Operators also may struggle with rigid formats, high rejection rates due to system errors, and minimal training. For example, uploading a land record might require image compression that is neither explained nor facilitated by the platform. If the server fails, the entire day’s applications may be lost. 

This creates stress points where people feel humiliated and operators helpless. The digital promise becomes a real-world disappointment. Assisted digital access, community engagement, and continuous operator feedback are strengths that need to be scaled alongside platforms, not left behind in the rush to expand. Moreover, the architecture of most government platforms is designed for upward reporting, not downward communication. Dashboards are built to monitor volume, not value. Success is measured in metrics like “total applications processed” or “portal uptime,” not in terms of user satisfaction, equity of access, or resolution rates. 

This top-down design language becomes exclusionary. It privileges data extraction over civic engagement, and visibility over usability. 

Reimagining Data Architecture: From Extraction to Empowerment 

To truly serve people, DPIs must take a human-centred approach. This requires: 

  1. Interoperable and adaptive platforms: Systems should be designed to talk to each other. People should not have to submit the same documents repeatedly. Inter-departmental data integration can significantly reduce redundancy.
  2. Localized and multilingual interfaces: Platforms must speak the language of their users. This includes regional languages, voice interfaces, and visual storytelling for non-literate users.
  3. Transparent feedback loops: When a service fails or data mismatches occur, the system must explain why and offer clear remedial steps. Feedback should be treated as valuable data, not noise.
  4. Operator-centric tools: The real-time experience of operators must inform platform updates. These frontline workers are the human face of DPIs and their input is invaluable.
  5. Inclusive design labs: Regular usability testing with diverse groups of people should be institutionalized. If the design fails the most vulnerable, it fails everyone. 

The Global South: A Cautionary Tale or a Leadership Opportunity? 

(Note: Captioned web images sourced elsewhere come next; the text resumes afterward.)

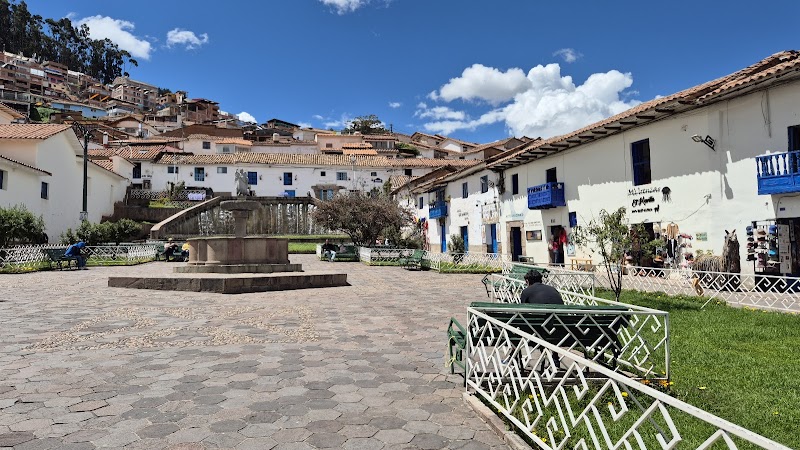 Plaza San Blas, Cusco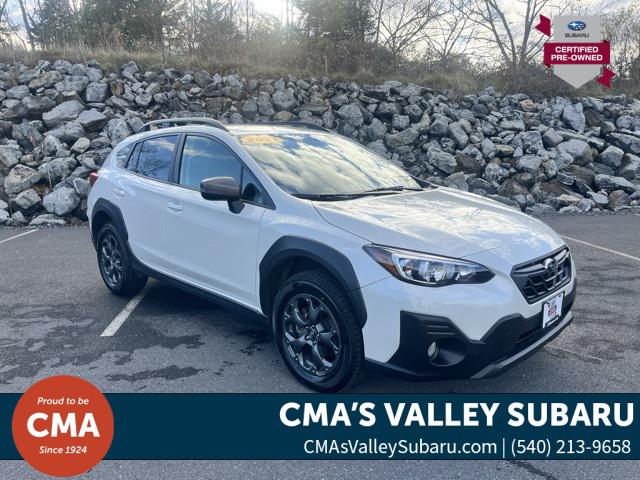 2021 Subaru Crosstrek Sport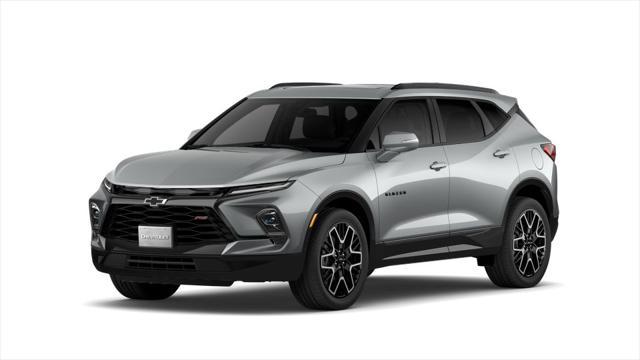 new 2025 Chevrolet Blazer car, priced at $47,086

As digital platforms proliferate in governance systems, the risks of exclusion, inefficiency, and unclear data practices are not unique to India but indicative of a broader structural challenge across the Global South. 

Governance is not code. It must account for history, diversity, language, and power. In contexts where literacy, infrastructure, and trust deficits are high, DPIs must serve not only as service delivery tools but also as instruments of inclusion. This means investing in community consultations before rollout, translating digital rights into regional languages, and building grievance redressal systems that are accessible both online and offline. 

From Dashboards to Communities 

The future of digital public infrastructure does not lie in grander dashboards or larger datasets. It lies in smaller questions: Can a widow in remote Purulia in India’s West Bengal access her pension without help? Can a migrant worker in India’s Bihar get a caste certificate in one, instead of five, attempts? Can an operator in India’s remote Uttar Pradesh region resolve a system error without having to call multiple helplines?  

If the Internet is the utility, then people are its rightful consumers. And any utility that forgets its user is bound to fail. It is time we moved beyond the data dump and toward digital dignity. 

Disclaimer: Viewpoints expressed in this post are those of the author and may or may not reflect official Internet Society positions.